● **ACTIVITY**:
An exact copy of the data is required; the images should not appear in it.

● **DATA EXTRACT**:

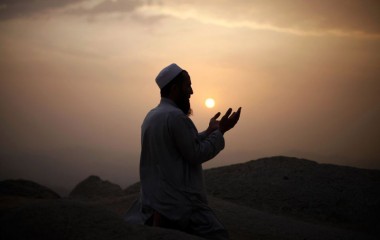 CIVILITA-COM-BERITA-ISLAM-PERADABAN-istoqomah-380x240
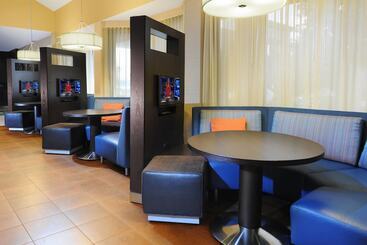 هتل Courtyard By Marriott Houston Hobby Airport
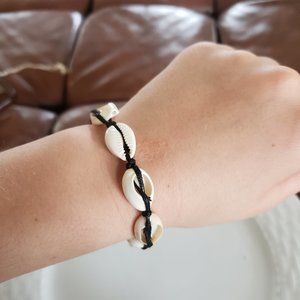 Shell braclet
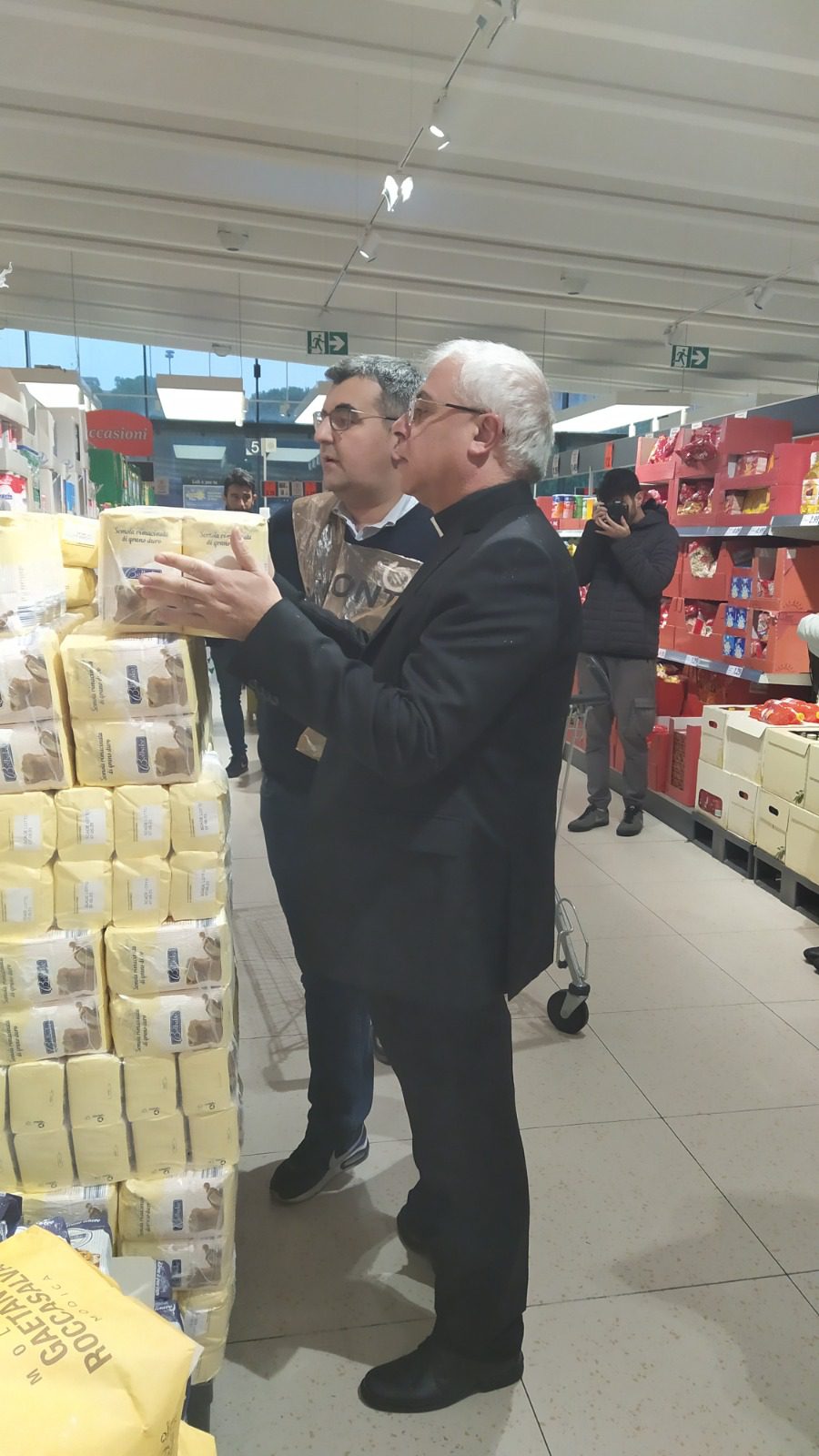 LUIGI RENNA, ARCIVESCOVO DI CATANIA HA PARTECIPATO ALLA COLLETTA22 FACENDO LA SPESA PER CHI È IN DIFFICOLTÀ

● **REPLY TO THE EXERCISE**:
 CIVILITA-COM-BERITA-ISLAM-PERADABAN-istoqomah-380x240
 هتل Courtyard By Marriott Houston Hobby Airport
 Shell braclet
 LUIGI RENNA, ARCIVESCOVO DI CATANIA HA PARTECIPATO ALLA COLLETTA22 FACENDO LA SPESA PER CHI È IN DIFFICOLTÀ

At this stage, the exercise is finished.